What has surprised us is the degree of resilience we’ve seen, especially in the labor markets and inflation. Inflation has been stickier than we expected and has required the European Central Bank and the Bank of England to raise policy interest rates higher than we had anticipated.
Inflation has been especially sticky in the United Kingdom. Headline inflation appears to have peaked now, despite troubling high food prices, but core inflation has continued to rise higher, driven by persistently strong demand for services amid relatively high wage growth.
In the euro area, the war in Ukraine sent energy prices soaring last year. That has taken a toll on the region, sending the euro area into recession in the first quarter of 2023. However, the fall in natural gas prices since the start of this year to levels seen around 18 months ago has been welcome news. It has boosted optimism and resilience in the near-term economic outlook for both the euro area and the U.K.

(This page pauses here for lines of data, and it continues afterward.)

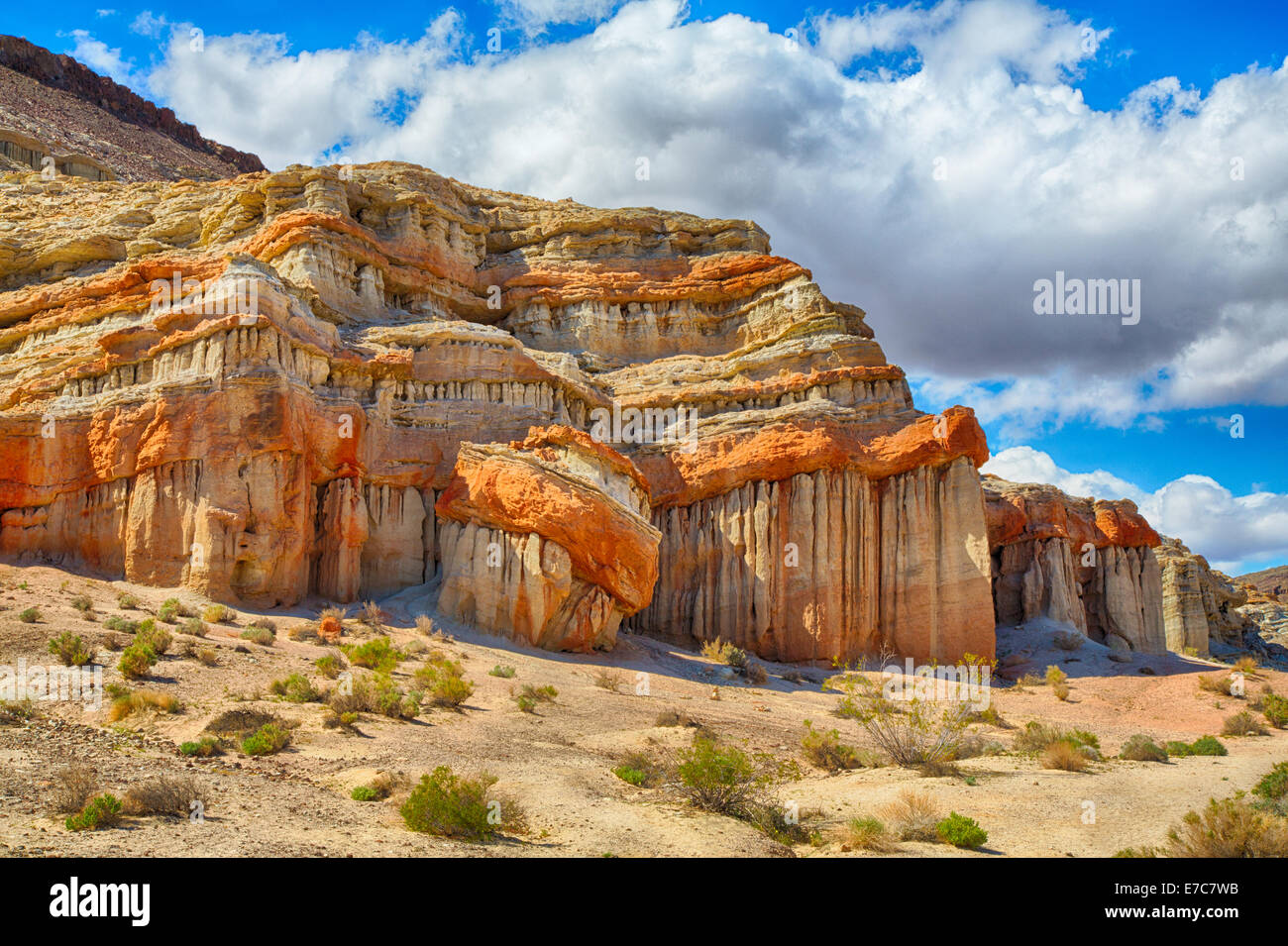 Red Rock Canyon State Park offre une vue panoramique des falaises du désert, buttes et de spectaculaires formations rocheuses. Le parc se trouve à l'endroit où le Banque D'Images
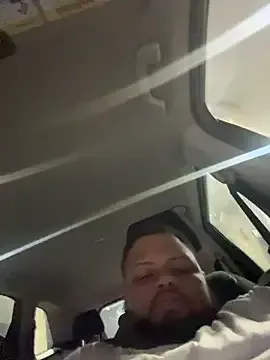 papijusto on StripChat 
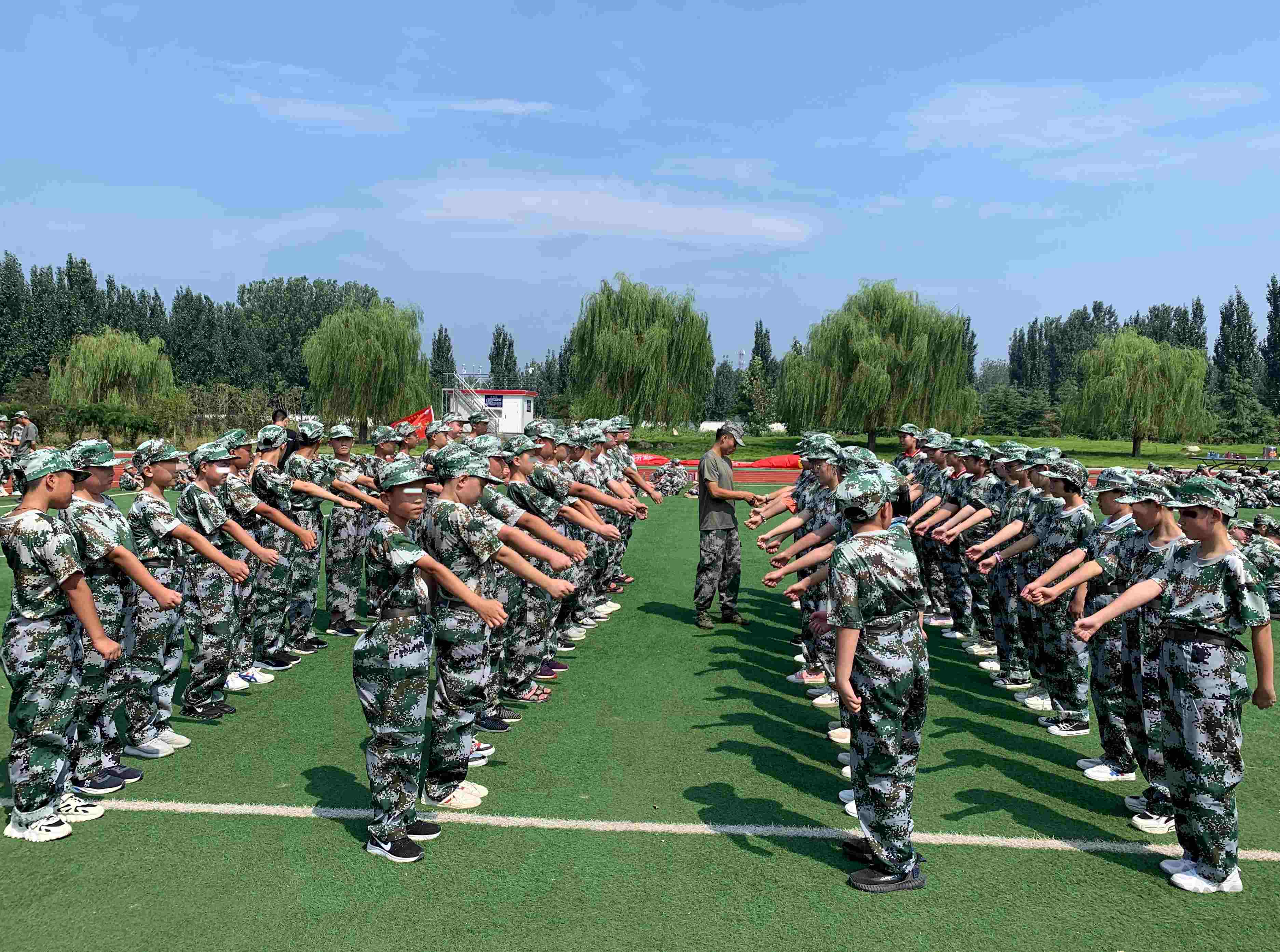 自卑孩子学校,孩子自卑矫正学校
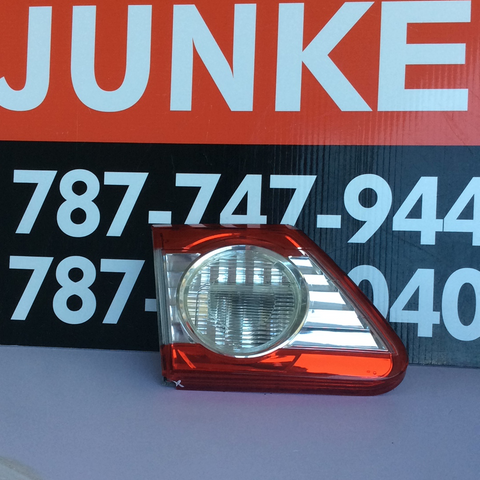 Foco Trasero de baúl izq Toyota Corolla Sedan 11-13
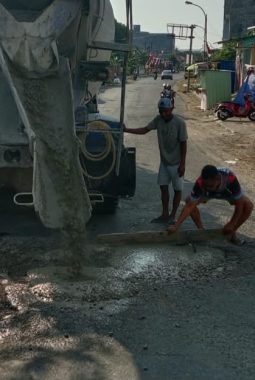 Cegah Lakalantas, Kanit Turjawali Satlantas Polresta Mamuju Turun Langsung Cor Jalan Berlubang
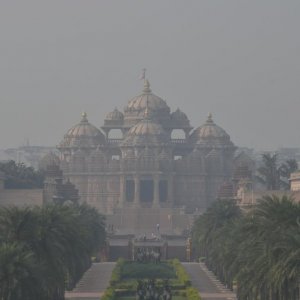 বায়ুদূষণের জেরে দিল্লিতে নির্মাণকাজে নিষেধাজ্ঞা, ক্লাস হবে অনলাইনে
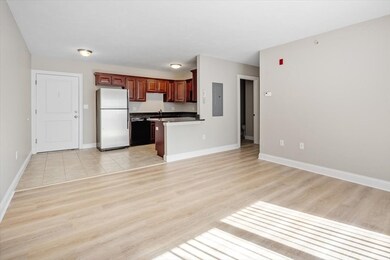 205 Elm St unit 206, Quincy, MA 02169 - photo 3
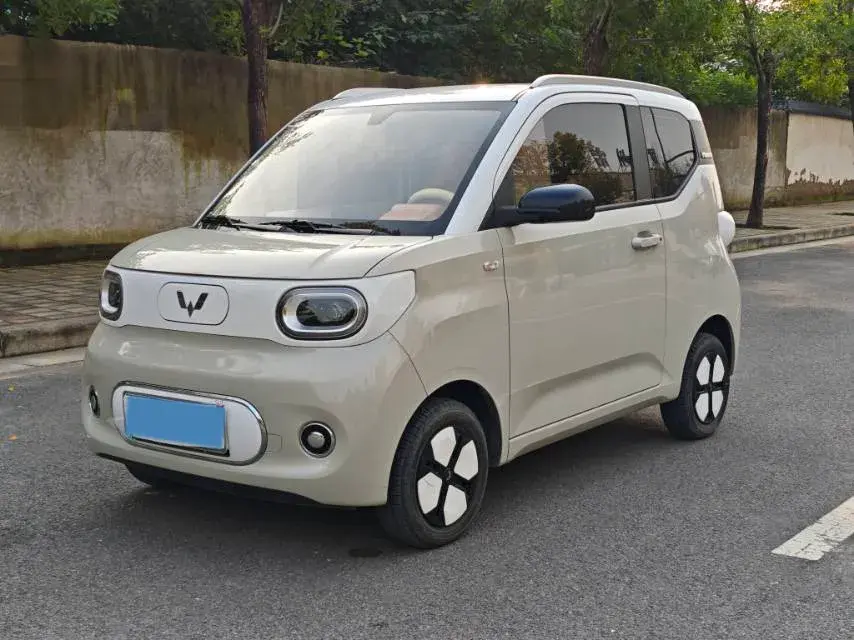 2024 WULING HONGGUANG view 1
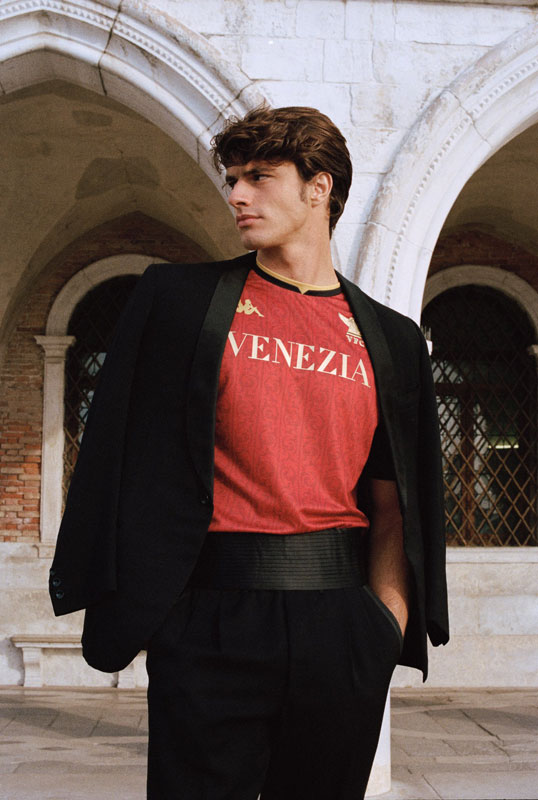 ヴェネツィア、またもオシャレな新ユニフォーム発表！デザインは「高貴なる共和国」｜写真4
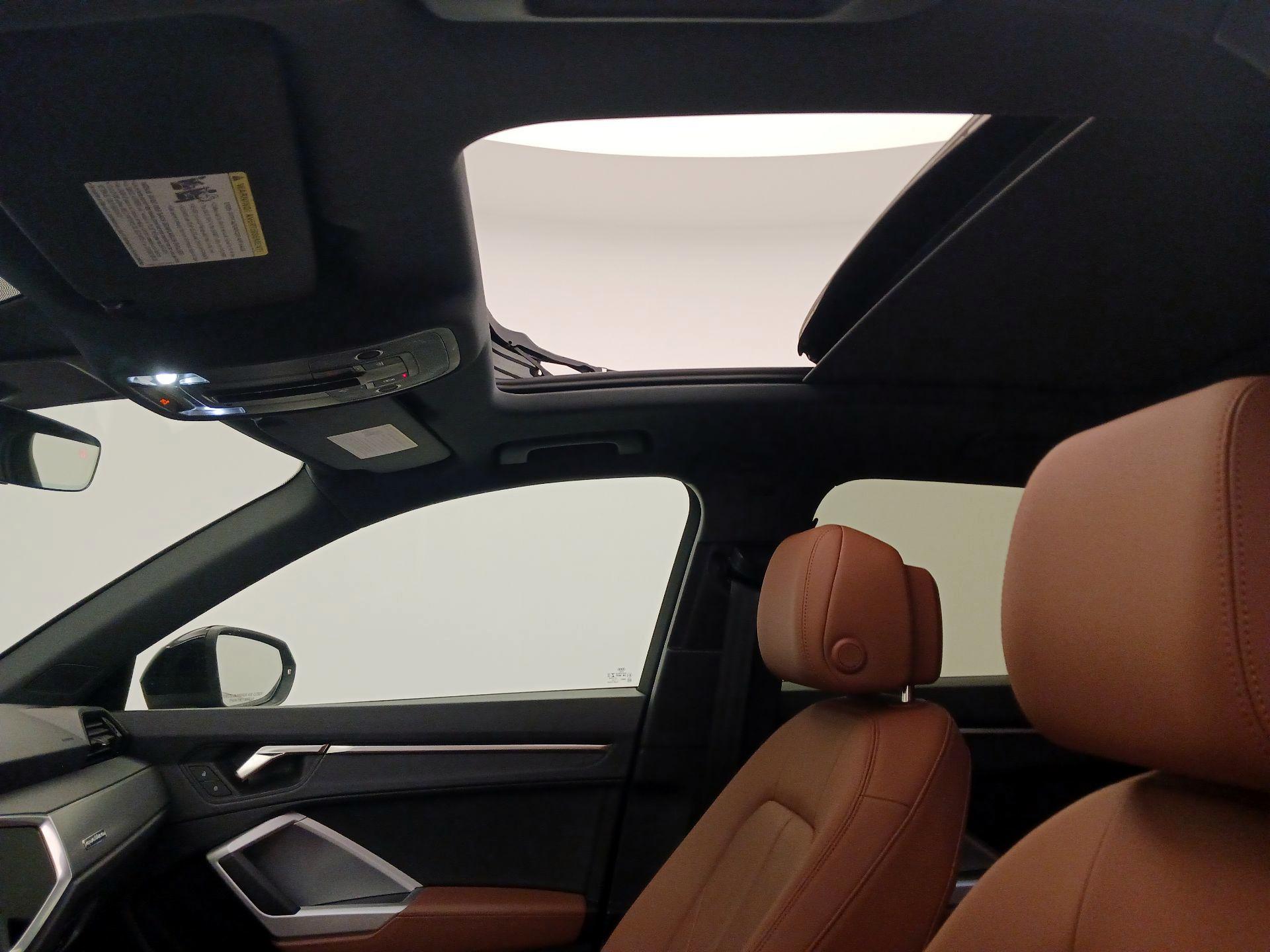 Thumbnail: 2022 Audi Q3 - 19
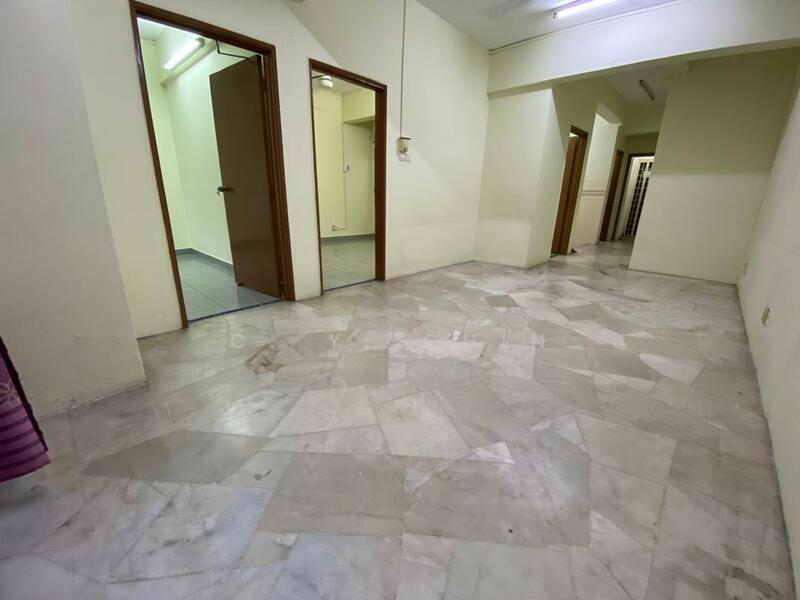 Taman Connaught - 4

But the inflation challenges remain, and the interest rate increases required to get inflation back to target are likely to weigh on growth from this point onwards. We don’t anticipate interest rate cuts until well into 2024 in either the euro area or the U.K.
And that’s because it takes time for those higher interest rates to effectively reduce demand by limiting the amount of money and credit in an economy. In areas including the U.K. mortgage market, this transmission is taking longer than in previous cycles. But make no mistake, the transmission of monetary policy is happening slowly but surely. Labor markets are starting to show signs of loosening across Europe.
The inflation outlook brightens through 2024. We see both headline and core inflation falling back towards ECB and Bank of England target levels, allowing for a loosening of interest rates and supporting a modest pickup in growth.